The publication's tribute to its fallen colleagues features a bearded man who appears to represent God with a Kalashnikov rifle slung over his shoulder. He is accompanied by the text: “One year on: the assassin is still out there.”
One million copies of the issue have been printed and were available in newsagents from Wednesday, with tens of thousands having been sent to be sold overseas - including in the UK.
The five artists killed in last January's attacks have their work featured in this week's anniversary issue, marking 12 months to the day brothers since Chérif and Saïd Kouachi's slaughter.
New publishing director Laurent Sourisseau, who was present at the meeting that saw eight of his colleagues slayed and was seriously wounded himself, also penned a stinging editorial in defence of secularism.

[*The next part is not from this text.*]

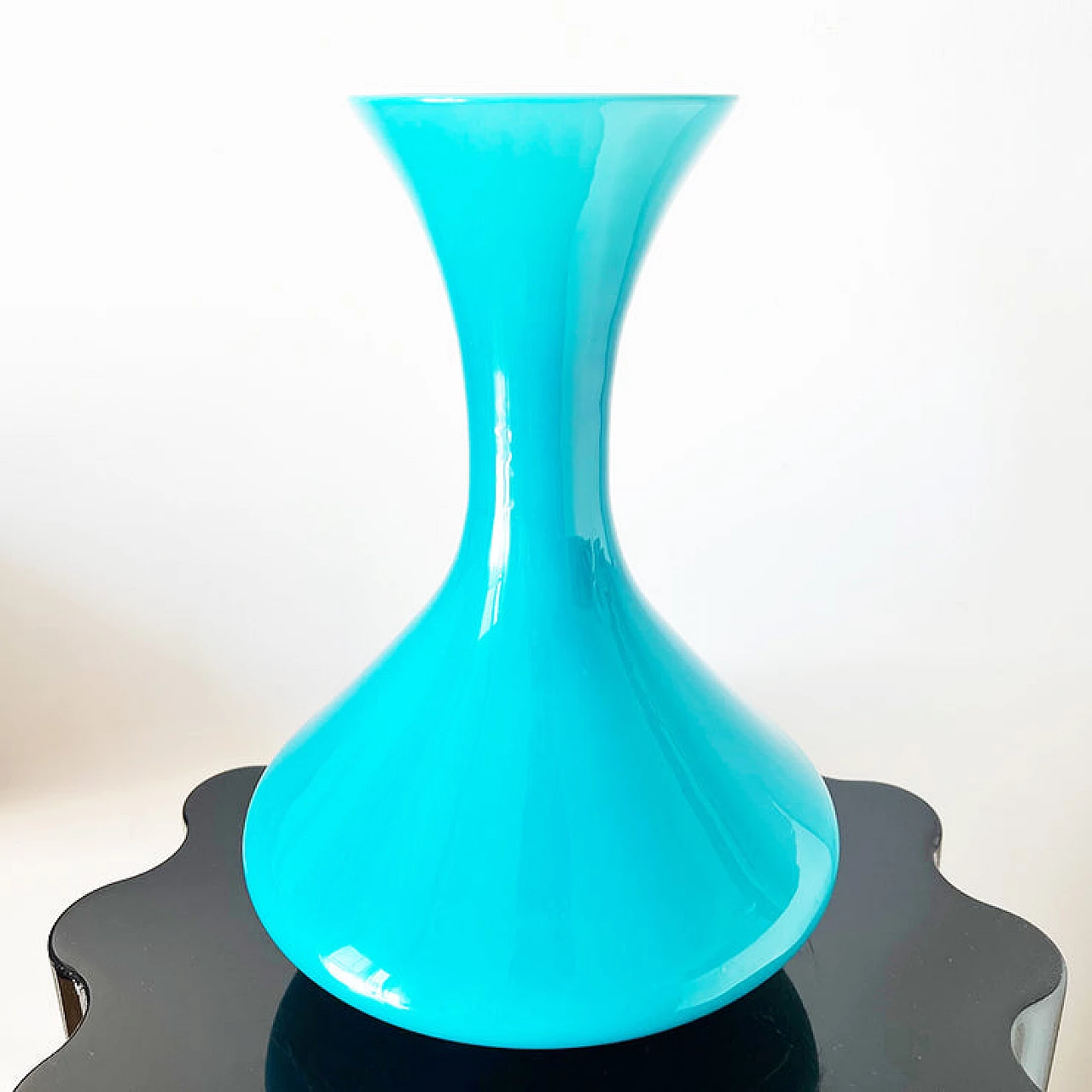Turquoise opaline glass vase, 1950s 4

His comment piece ridicules “fanatics brutalised by the Koran” as well as figures from other faiths who hoped the magazine would cease publishing for “daring to laugh at the religious”.

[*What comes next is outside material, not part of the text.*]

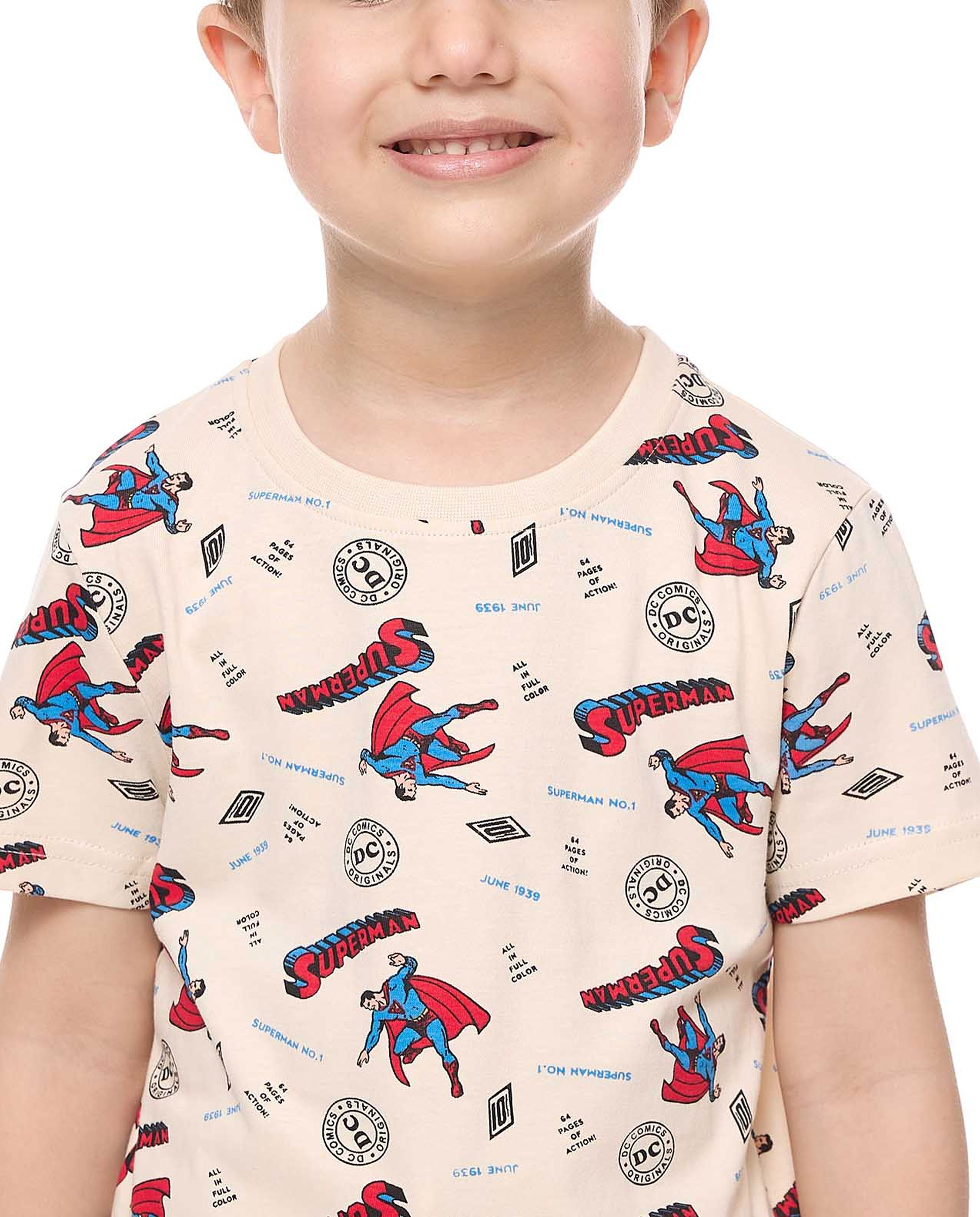 2 Pack Superman Printed T-Shirts with Short Sleeves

In the aftermath of last year's attack, the publication was held up by campaigners and French Republic defenders as a symbol of freedom of expression, with many using the slogan 'Je Suis Charlie'.

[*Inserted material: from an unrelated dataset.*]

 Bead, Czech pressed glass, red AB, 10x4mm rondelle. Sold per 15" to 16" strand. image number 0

A record-breaking 7.5 million copies of its first issue printed just a week after the magazine mourned its staff loses were sold.
Some staff have spoken out about how they feel 12 months on, with the magazine's financial director, Eric Portheault, saying he felt "alone" in the pursuit of religious and political satire.
"We feel terribly alone. We hoped that others would do satire too," he told AFP on Monday.
"No one wants to join us in this fight because it's dangerous. You can die doing it."